Sailing Directions are updated when new data requires extensive revision of an existing text. These data are obtained from several sources, including pilots and Sailing Directions from other countries.

One book comprises the Planning Guide and  for Antarctica. This consolidation allows for a more effective presentation of material on this unique area.

Sailing Directions (Planning Guide) and Sailing Directions (Enroute) are frequently updated. In early 2005, NGA discontinued production of these publications in printed form; subsequent editions were distributed in digital form only. Between editions, Sailing Directions are corrected via a binary patch process referred to as Publication Data Update (PDU).

Figure 1 shows an overview of Sailing Directions coverage.

Planning Guide

Planning Guide volumes assist the navigator in planning an extensive oceanic voyage, and give information on individual countries that is applicable to all ports in those countries. Each of the Planning Guides covers an area determined by an arbitrary division of the world's seas.

Individual Planning Guides are divided into Countries and Ocean Basins, as follows:
Pub. 120—51 Countries and 1 Ocean Basin (Pacific Ocean).
Pub. 140—87 Countries and 6 Ocean Basins (Baltic Sea, Black Sea, Caribbean Sea, Mediterranean Sea, North Atlantic Ocean, and North Sea/English Channel).
Pub. 160—61 Countries and 3 Ocean Basins (Indian Ocean, South Atlantic Ocean, and Red Sea/Persian Gulf).
Pub. 180—5 Countries and 1 Ocean Basin (Arctic Ocean).

Country entries may contain information on the following subjects—buoyage systems, currency, firing areas, fishing areas, government, holidays, ice, industries, languages, mined areas, navigational information (to include maritime claims, maritime boundary disputes, and enroute volumes), offshore drilling, pilotage, pollution, prohibited areas, regulations, restricted areas, search and rescue, signals, submarine operating areas, time zone, traffic separation schemes, U.S. embassy, and vessel traffic services. Information that cannot be accurately depicted within the alphabeticized country text may be listed as an appendix at the end of the country text.

Ocean casin entries may contain information on the following subjects—climatology, currents, fishing areas, geophysical features, ice, ionospheric disturbance, magnetic field, meteorology, mined areas, navigational information, optical phenomena, pilotage, pollution, regulations, routes, seas, ship reporting systems, tides, and surface temperatures.

Enroute

Each Enroute volume contains numbered sectors along a coast or through a strait. Each sector is discussed in turn. A preface with detailed information about authorities, references, and conventions used in each book precedes the sector discussions. A table showing conversions between feet, fathoms, and meters is provided. Finally, each volume provides a list of commonly used abbreviations that may be found in the text.

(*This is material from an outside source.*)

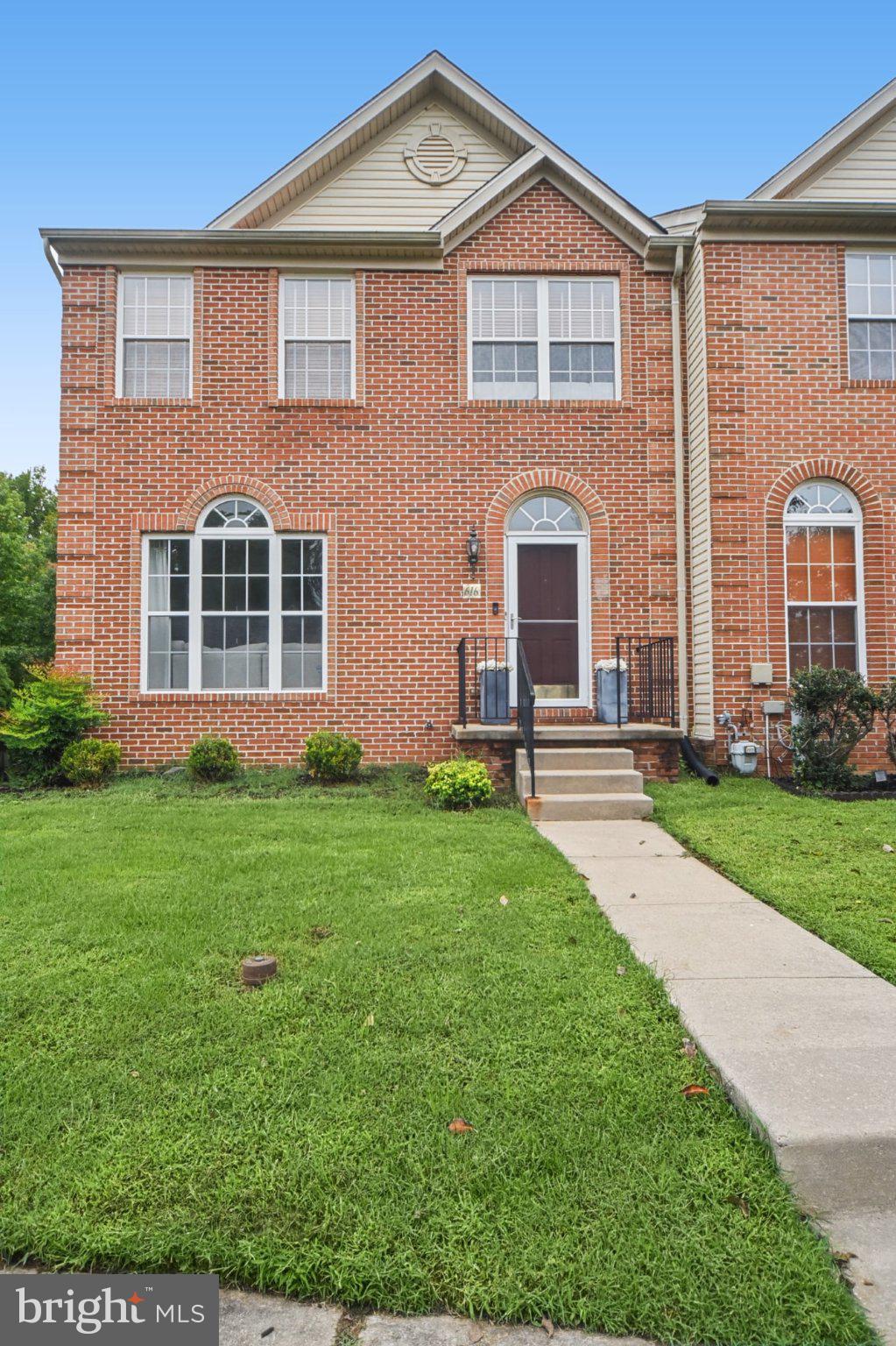 616 BERWICK COURT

The chart information graphics, the first items in each sector, are a graphic key for charts and digital nautical charts (DNC) pertaining to a sector. The graduation of the border scale of the chartlets enable navigators to identify the largest scale chart for a location and to find a feature listed in the index-gazetteer.

A foreign terms glossary and a comprehensive index-gazetteer follow the sector discussions.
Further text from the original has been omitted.